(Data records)
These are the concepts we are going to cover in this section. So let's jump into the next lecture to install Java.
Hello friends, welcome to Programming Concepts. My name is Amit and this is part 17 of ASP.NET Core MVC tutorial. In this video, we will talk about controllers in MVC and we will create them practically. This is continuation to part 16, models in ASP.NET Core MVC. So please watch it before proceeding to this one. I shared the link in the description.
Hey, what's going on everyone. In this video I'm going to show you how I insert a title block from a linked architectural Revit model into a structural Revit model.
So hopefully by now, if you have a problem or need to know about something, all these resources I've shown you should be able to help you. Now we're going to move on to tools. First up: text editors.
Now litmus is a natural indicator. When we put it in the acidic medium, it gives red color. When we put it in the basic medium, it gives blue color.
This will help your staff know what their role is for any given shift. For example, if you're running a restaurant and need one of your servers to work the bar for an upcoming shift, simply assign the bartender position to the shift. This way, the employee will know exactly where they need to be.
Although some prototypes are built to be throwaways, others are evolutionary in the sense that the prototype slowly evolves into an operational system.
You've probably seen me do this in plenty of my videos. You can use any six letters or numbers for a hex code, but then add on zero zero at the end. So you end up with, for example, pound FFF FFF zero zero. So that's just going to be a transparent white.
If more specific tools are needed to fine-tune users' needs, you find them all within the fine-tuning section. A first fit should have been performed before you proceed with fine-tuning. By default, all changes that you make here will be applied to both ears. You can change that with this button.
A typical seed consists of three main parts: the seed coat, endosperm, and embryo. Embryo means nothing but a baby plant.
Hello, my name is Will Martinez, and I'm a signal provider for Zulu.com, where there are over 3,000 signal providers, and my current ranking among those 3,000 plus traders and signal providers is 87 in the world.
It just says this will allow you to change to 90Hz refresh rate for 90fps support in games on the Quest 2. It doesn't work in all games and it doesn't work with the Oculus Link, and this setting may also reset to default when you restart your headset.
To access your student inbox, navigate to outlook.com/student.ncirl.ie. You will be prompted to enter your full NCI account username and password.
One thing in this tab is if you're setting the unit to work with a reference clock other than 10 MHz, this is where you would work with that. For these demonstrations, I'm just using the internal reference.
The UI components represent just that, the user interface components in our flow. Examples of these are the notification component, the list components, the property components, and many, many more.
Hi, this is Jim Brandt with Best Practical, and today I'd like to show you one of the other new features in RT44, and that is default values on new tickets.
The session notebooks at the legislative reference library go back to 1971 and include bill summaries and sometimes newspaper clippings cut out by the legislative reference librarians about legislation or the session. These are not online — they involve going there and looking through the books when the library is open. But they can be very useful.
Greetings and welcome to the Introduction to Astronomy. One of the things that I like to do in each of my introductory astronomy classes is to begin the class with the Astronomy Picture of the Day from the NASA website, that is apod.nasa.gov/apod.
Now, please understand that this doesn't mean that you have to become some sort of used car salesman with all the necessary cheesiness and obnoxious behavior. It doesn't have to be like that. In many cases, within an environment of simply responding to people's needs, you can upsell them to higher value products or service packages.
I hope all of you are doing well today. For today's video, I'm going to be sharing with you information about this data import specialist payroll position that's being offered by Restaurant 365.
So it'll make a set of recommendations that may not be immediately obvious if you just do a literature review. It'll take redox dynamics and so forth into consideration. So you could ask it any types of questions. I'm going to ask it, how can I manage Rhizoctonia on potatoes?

### ABOUT THIS TASK
Print exactly the lines from the one containing "Greetings and welcome" through the last line of the records above, both included.

### ANSWER TO THE EXERCISE
Greetings and welcome to the Introduction to Astronomy. One of the things that I like to do in each of my introductory astronomy classes is to begin the class with the Astronomy Picture of the Day from the NASA website, that is apod.nasa.gov/apod.
Now, please understand that this doesn't mean that you have to become some sort of used car salesman with all the necessary cheesiness and obnoxious behavior. It doesn't have to be like that. In many cases, within an environment of simply responding to people's needs, you can upsell them to higher value products or service packages.
I hope all of you are doing well today. For today's video, I'm going to be sharing with you information about this data import specialist payroll position that's being offered by Restaurant 365.
So it'll make a set of recommendations that may not be immediately obvious if you just do a literature review. It'll take redox dynamics and so forth into consideration. So you could ask it any types of questions. I'm going to ask it, how can I manage Rhizoctonia on potatoes?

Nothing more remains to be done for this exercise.